“We don’t trade votes, and members of the court have different judicial philosophies,” Breyer, the court’s most senior liberal justice, told George Stephanopoulos on ABC's "Good Morning America."
"Some emphasize more text. ... Some, like me, probably emphasize more purposes. And the great divisions are probably much more along those lines than what we would think of as political lines," Breyer said.
"I thought that was a very bad decision and I dissented,” he said.
The court’s denial of the request from Texas abortion providers to temporarily put state law SB8 on hold also drew sharp criticism from Justice Sonia Sotomayor, who wrote in dissent that the court chose to "ignore its constitutional obligations … the sanctity of its precedents and of the rule of law."
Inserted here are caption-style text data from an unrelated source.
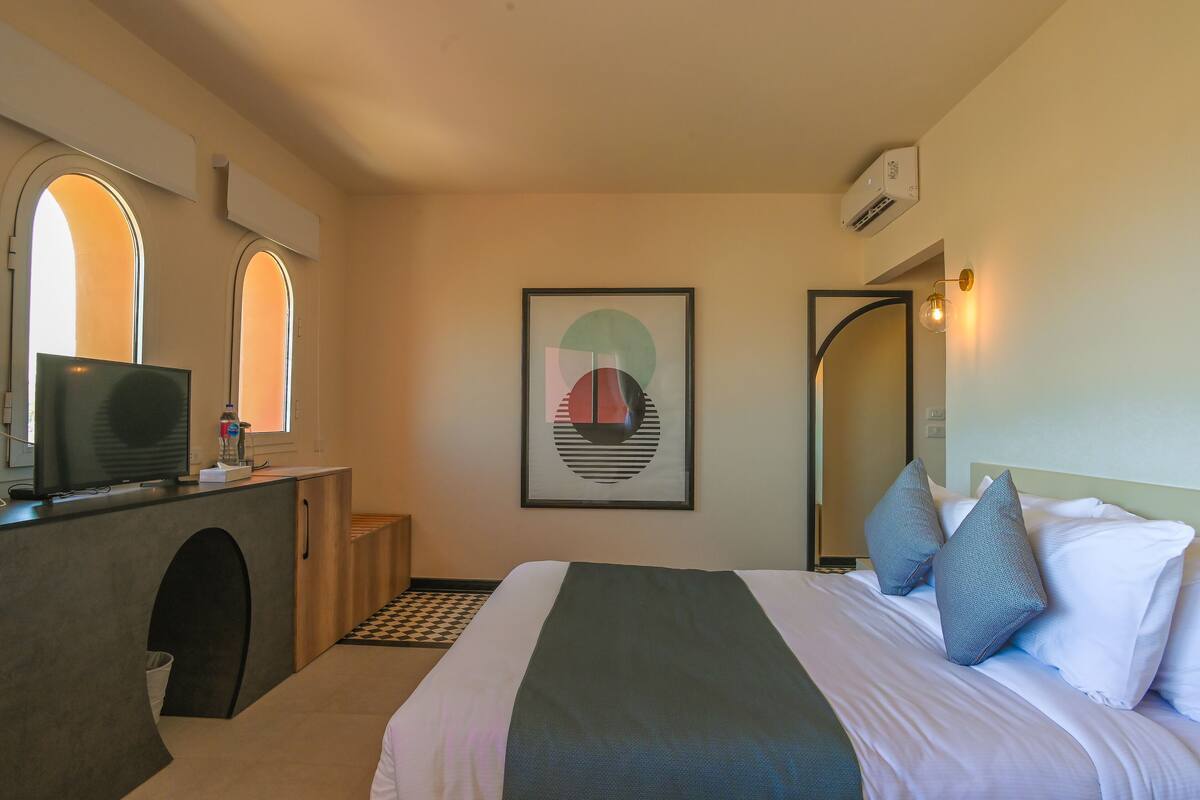 Una habitación de hotel con cama, escritorio con computadora, un cuadro en la pared y ventana de arco ojival.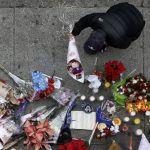 A man leaves flowers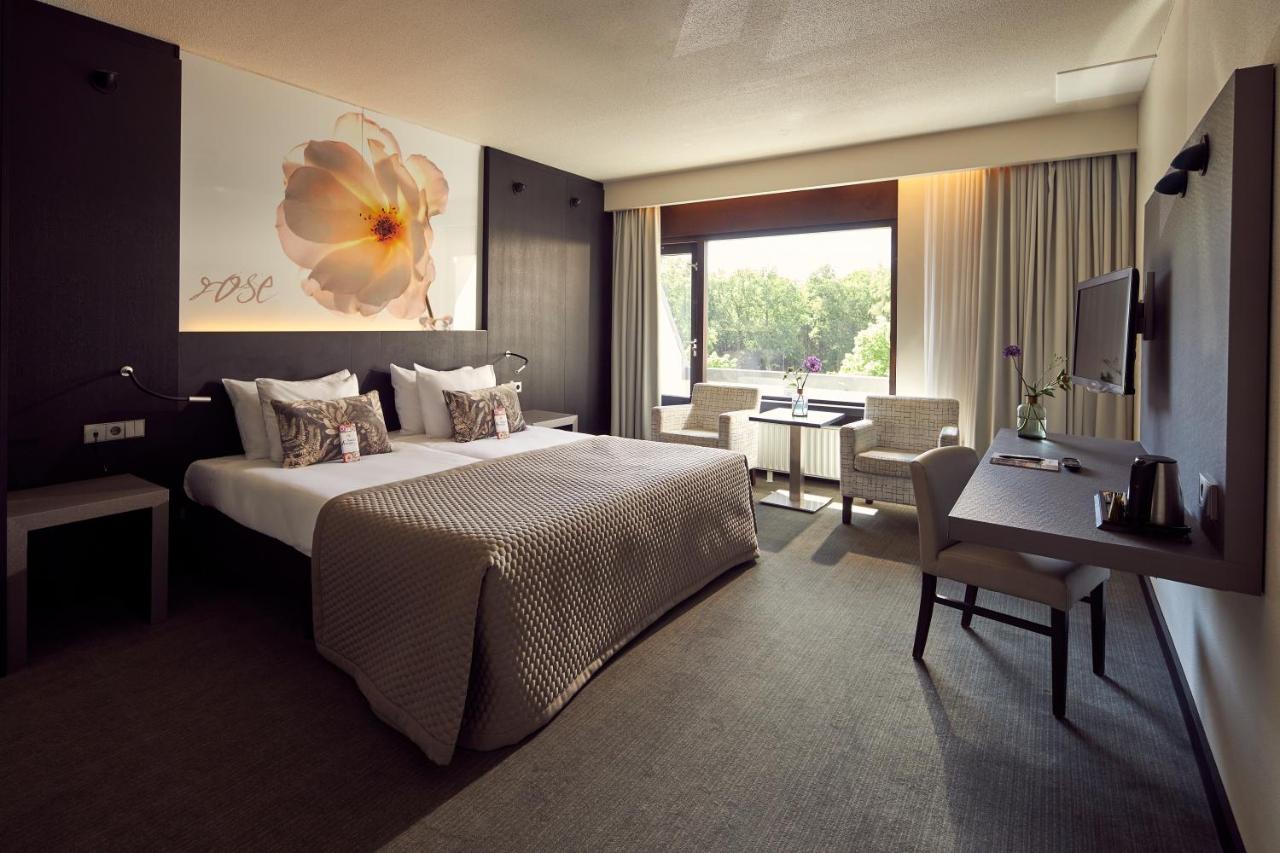 Un ou plusieurs lits dans un hébergement de l'établissement Van der Valk Hotel Arnhem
Breyer explained that "a rule of law means you sometimes follow decisions you don’t like."
The 83-year-old justice has published a new book -- "The Authority of the Court and the Peril of Politics" -- defending the Supreme Court as a nonpartisan institution whose power depends on credibility among Americans of all viewpoints.
"That’s a treasure, and it’s been built up over many many years," Breyer told Stephanopoulos.
"I am worried if people don’t understand it," he said, "they won’t have trust in our institutions. And if they don’t have trust in institutions, it becomes difficult if not impossible to live in a society of 331 million people of tremendous diversity."
Breyer, the court’s oldest member, has come under intense pressure from progressives to step down while Democrats control the Senate and White House.
He told GMA that he is thinking about retirement but has not yet made a decision on timing.
"There are many different considerations," Breyer said. "I do not intend to die there on the court; I hope not."